Recall that if you wanted to use a large sample approximation, you could use
xBalance for either of these test statistics (see the previous assignments
involving the post.alignment.transform argument to xBalance).

\item What if we had a binary outcome? We create one here to enable you to
	practice with it.

<<>>=

wrkdat$AboveMedHR08 <- as.numeric(wrkdat$HomRate08 > median(wrkdat$HomRate08))

@

One obvious test would be the Cochran-Mantel-Haensel test (which is Fisher's
exact test but for stratified / block-randomized data --- data where the
blocks are fixed and randomization happens within the block):

<<>>=
library(coin) ## you may need to install this

wrkdat$AboveMedHR08F <- factor(wrkdat$AboveMedHR08)
wrkdat$nhTrtF <- factor(wrkdat$nhTrt)

cmh1approx<-cmh_test(AboveMedHR08F~nhTrtF|fm4,data=wrkdat,distribution=approximate(B=1000))
cmh1largeN<-cmh_test(AboveMedHR08F~nhTrtF|fm4,data=wrkdat,distribution=asymptotic())

@

Alternatively, you can focus on differences of proportion:

<<>>=

xb5<-xBalance(nhTrt~AboveMedHR08,strata=list(fm4=~fm4),data=wrkdat,report="all")
xb5$results

## Compare the Z stat and p-value with above
diffprop <- oneway_test(AboveMedHR08~nhTrtF|fm4,data=wrkdat)

@

\item How might we know whether or not to use a large sample approximation?
	(Hint: we want our tests to be good, but the characteristics of a good
	test may differ from the characteristics of a good estimator.) What is
	going on here? What would we expect from a test that is operating
	correctly? Why might we call this an assessment of "coverage"?

<<cache=TRUE>>=

cmhtestp<-function(Y,Z,thefm){
	Znew<-unsplit(lapply(split(Z,thefm), sample),thefm)
	ZnewF <- factor(Znew)
	thetest<-cmh_test(Y~ZnewF|thefm,distribution=asymptotic())
	pvalue(thetest)
}

cmhtestp(wrkdat$AboveMedHR08F,wrkdat$nhTrt,wrkdat$fm4)
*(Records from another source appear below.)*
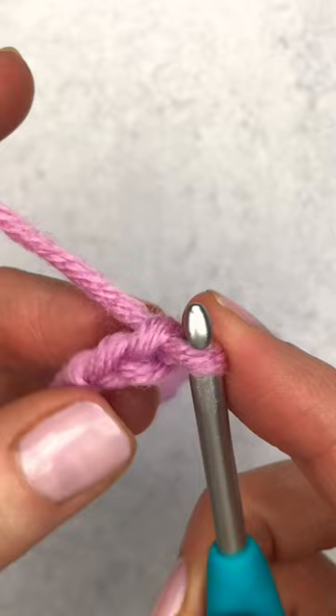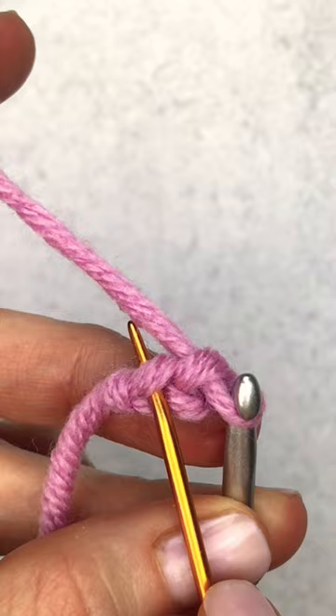So now you have two chains on the hook. We're going to make six single crochet into the second chain from the hook.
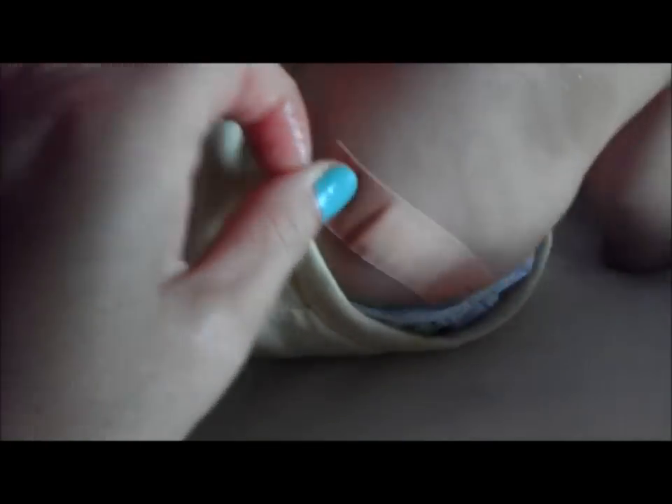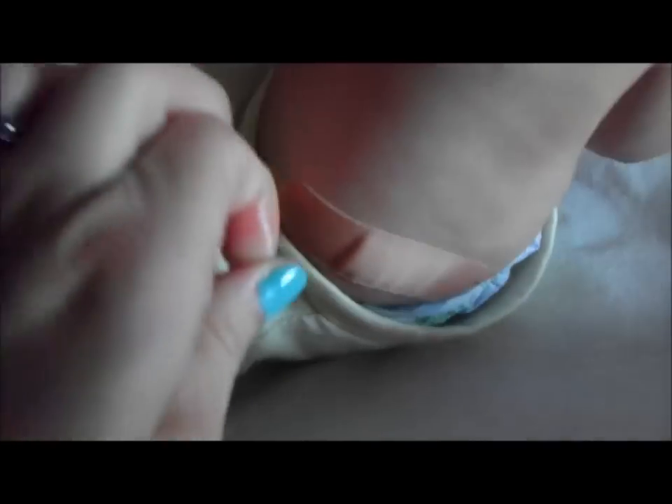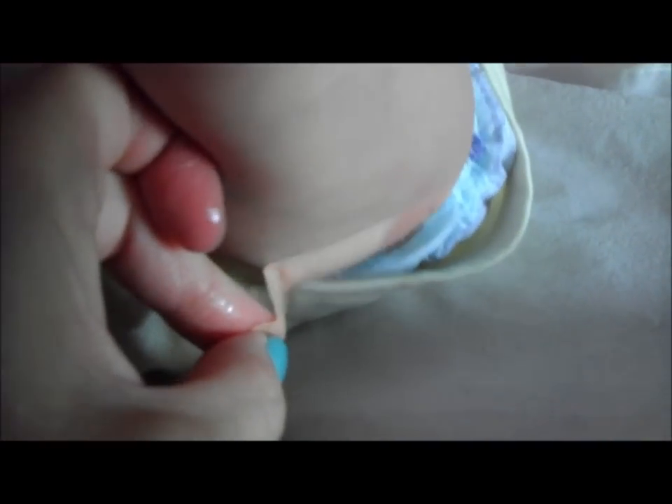I'm going to get your band-aid off. Let's try and pull it off. Now it's slippery — and there we go. It comes off very easily, just like that.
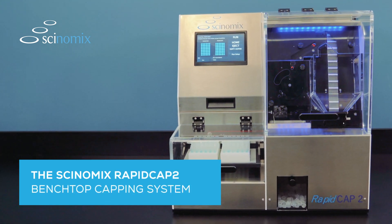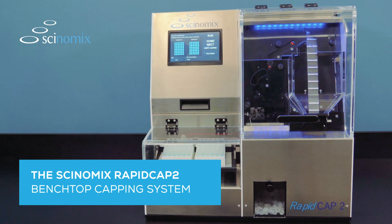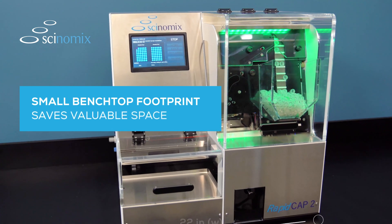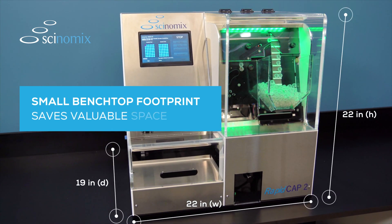Save time automating manual capping and decapping processes in your lab with the Synomics RapidCap2 Benchtop System. With its small footprint, RapidCap2 saves valuable space, keeping your lab clutter-free and efficient.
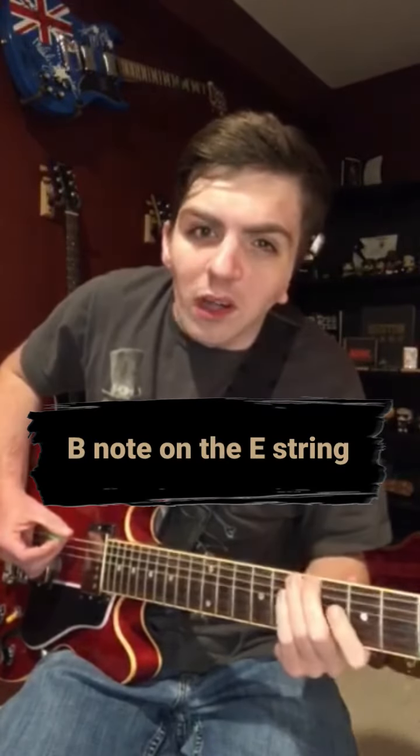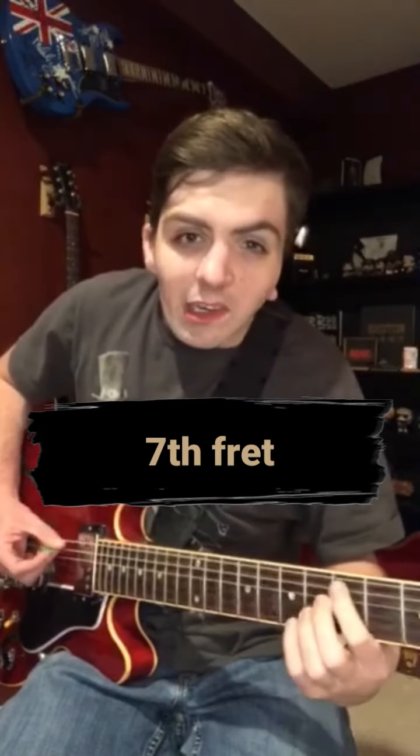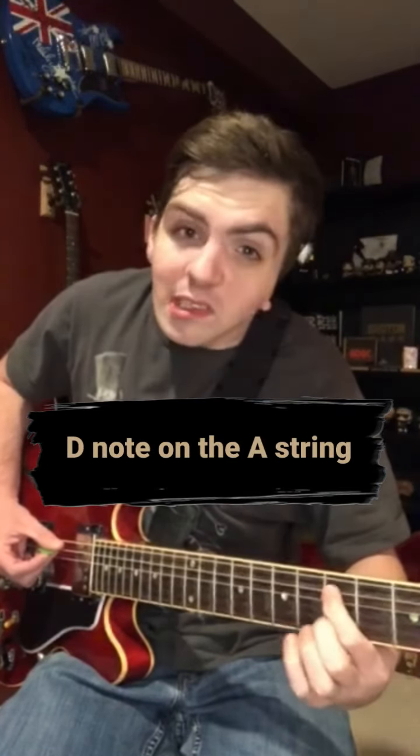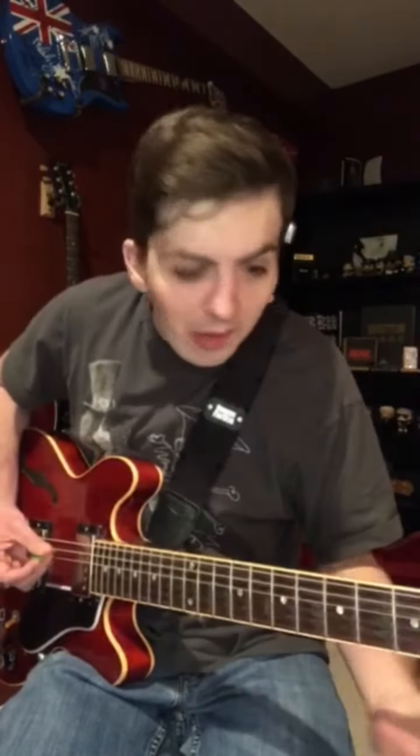You're going to hit that B note on the E string, which is on the 7th fret. And then you're going to grab this D note right here on the A string, but very slightly — you're not going to overbend it, just a very light bend down. And then an E power chord.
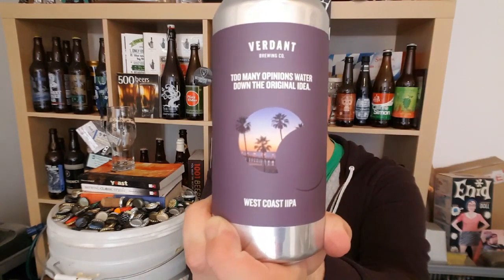Hi, I'm Rob from Hobzine. Thanks for joining me for another video of beer review. This time we've got a kind of beer from the fantastic Verdant from Falmouth, Cornwall.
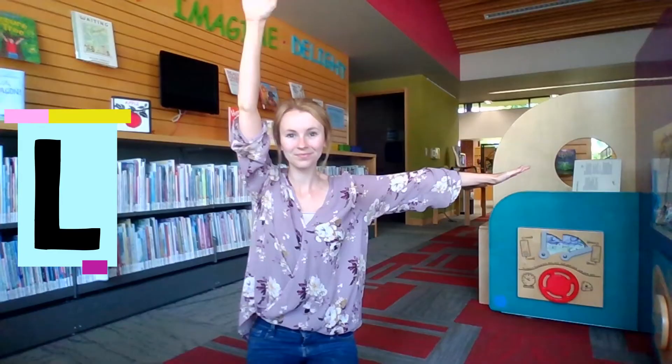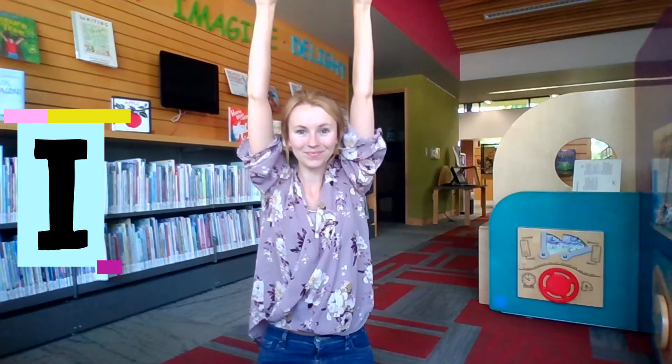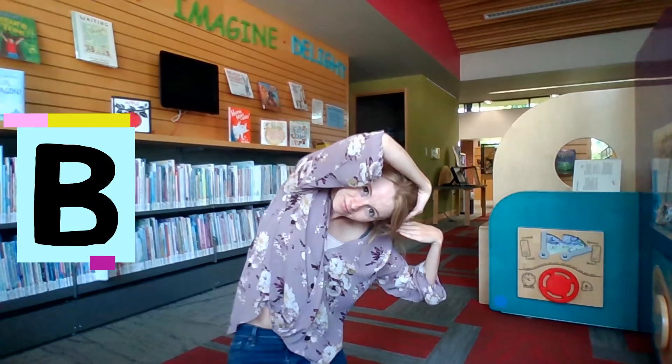Let's try to spell the word library together. To get started we need one arm up and one arm out to make a letter L. Next we need both hands up high to the sky to make a letter I. A letter B comes next — we need two bubbles to the side to make a B.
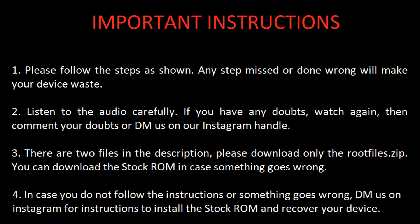Important instructions to be followed. Please follow the steps as shown. Any step missed or done wrong will make your device waste. Listen to the audio carefully. If you have any doubts, watch again then comment your doubts or DM us on our Instagram handle.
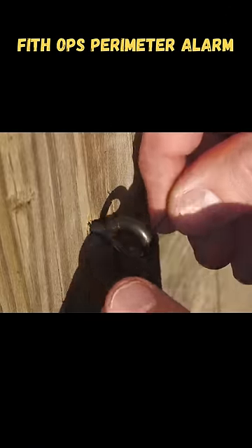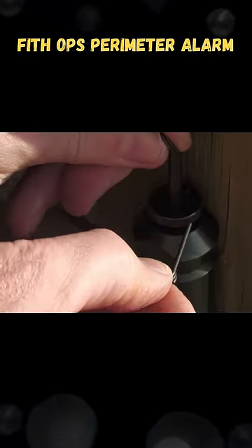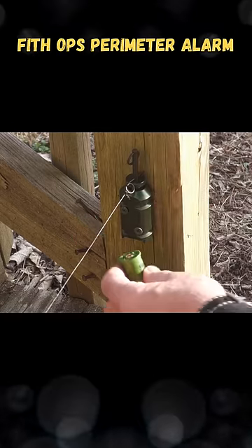Next, take your Dyneema line, put it through, and just tie it off. Now we're going to insert our firing pin, and then go ahead and tie that off. Now we're going to take our 12-gauge shell and put it in.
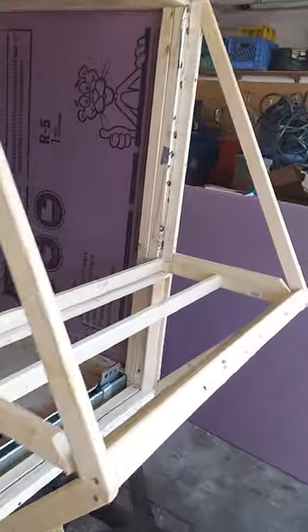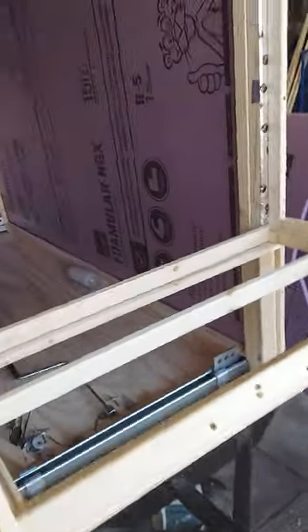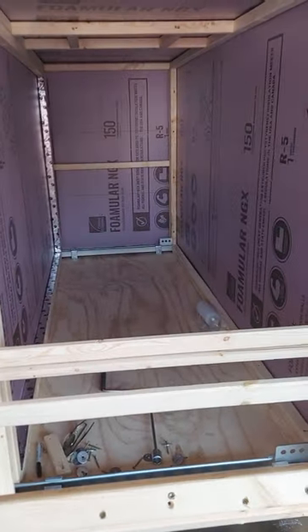Inside, this will be the shelf right here. Underneath here will be the power panel, and I have an electrical inlet for it, so when I get ready to do that stage — anyway, that's all for the update for now.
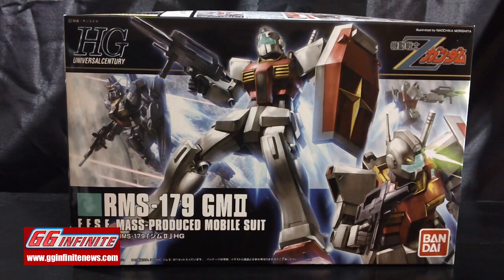Welcome back Gundam guys and Gundam gals. Patrick Grade here from gginfinitenews.com. This time I'm bringing you the early video review for the HGUC RMS 179 GM2.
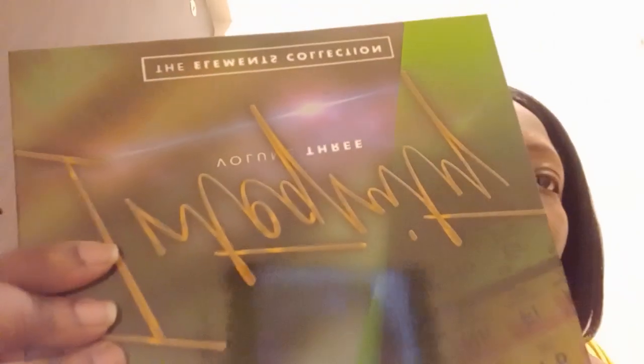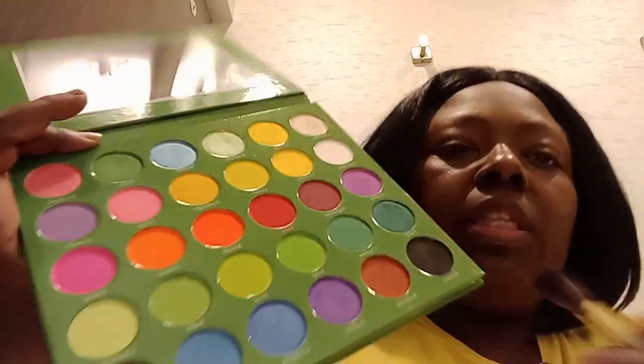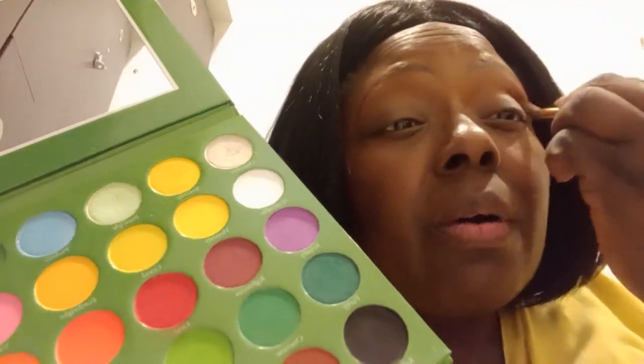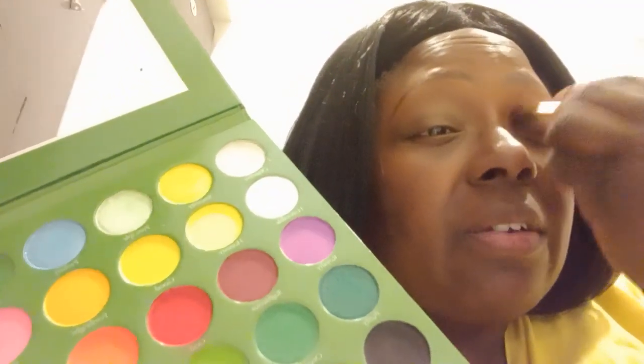We have our DJS Integrity palette and it's rainbow, so I will not be buying any more rainbow palettes. It came off again so we're just going to try to use it like this. We're going to go in with this brown right here and put that all over the lid and the crease. Y'all see the fallout?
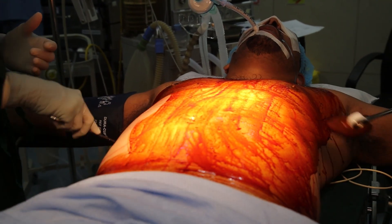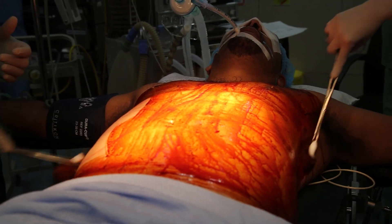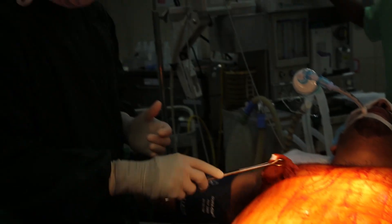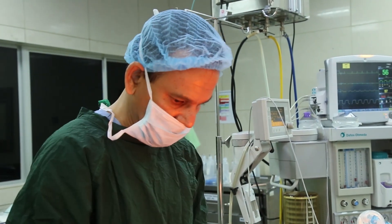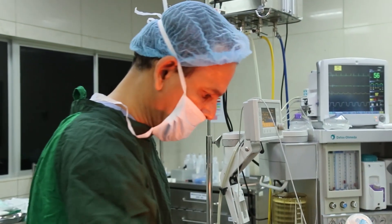Preoperatively, we mark the areas as circles. The prominent areas that need to be tackled are drawn as circles and squares. Measured amounts of fat are then sucked out.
xbtestp<-function(Y,Z,thefm){
	Znew<-unsplit(lapply(split(Z,thefm), sample),thefm)
	thetest<-xBalance(Znew~Y,strata=list(thefm=~thefm),data=data.frame(Znew=Znew,Y=Y,thefm=thefm))
	thetest$results[,"p",]
}

xbtestp(wrkdat$AboveMedHR08,wrkdat$nhTrt,wrkdat$fm4)

set.seed(12345)
xbpdist<-replicate(1000,xbtestp(wrkdat$AboveMedHR08,wrkdat$nhTrt,wrkdat$fm4))

set.seed(12345)
cmhpdist<-replicate(1000,cmhtestp(wrkdat$AboveMedHR08F,wrkdat$nhTrt,wrkdat$fm4))

table(xbpdist)
table(cmhpdist)
mean(xbpdist<=.05)
mean(cmhpdist<=.05)
@

<<out.width=".7\\textwidth">>=
par(mfrow=c(1,2),oma=rep(0,4),mgp=c(1.5,.5,0))
plot(ecdf(xbpdist))
abline(0,1)

plot(ecdf(cmhpdist))
abline(0,1)
@

<<cache=TRUE>>=

cmhAtestp<-function(Y,Z,thefm,thedistribution){
	Znew<-unsplit(lapply(split(Z,thefm), sample),thefm)
	ZnewF <- factor(Znew)
	thetest<-cmh_test(Y~ZnewF|thefm,distribution=thedistribution)
	pvalue(thetest)
}


set.seed(12345)
cmhApdistApprox<-replicate(1000,cmhAtestp(wrkdat$AboveMedHR08F,wrkdat$nhTrt,wrkdat$fm4,thedistribution=approximate(B=1000)))
mean(cmhApdistApprox<=.05)

set.seed(12345)
cmhApdistExact<-replicate(1000,cmhAtestp(wrkdat$AboveMedHR08F,wrkdat$nhTrt,wrkdat$fm4,thedistribution=exact()))
mean(cmhApdistExact<=.05)



@


\item What if we had another kind of question? Say, for example, we
	hypothesized that no neighborhood had a positive effect of the
	treatment? If we rejected that hypothesis, it would mean that at least
	one neighborhood had a negative effect. The following plot gives one
	view at the neighborhood level outcomes and the differences in
	distribution between treated and control observations. We have seen
	that different test statistics may have different power, and, in fact,
	this power depends on the alternative hypotheses being tested (recall
	that we operationalize power as proportion of rejections of a given
	null hypothesis, like the sharp null hypothesis of no effects, when an
	alternative hypothesis is true). Another class of test statistics
	first introduced by \citet{stephenson1981general} and
	\citet{conover1988locally} build tests that focus on the extent to
	which a few observations experience the experimental intervention
	differently from the rest. \citet[Chap 2]{rosenbaum2010design}
	modifies Stephenson's test for for use with paired research designs.
	\citet[Chap 16]{rosenbaum2010design} and
	\cite{rosenbaum2007confidence} uses this test statistic to assess what
	he calls "uncommon but dramatic responses to treatment".  In an
	excellent introduction to these ideas to social scientists,
	\citet{caughey2016beyond} show, for example, a case in which an
	average treatment effect is negative, but that a test statistic that
	is particularly sensitive to singularly positive effects of treatment
	allows them to reject the hypothesis that all villages had a negative
	effect. That is, they were able to show the the unbiased average
	effect was truly negative but that this negative average effect was
	consistent with at least one unit having a positive effeect.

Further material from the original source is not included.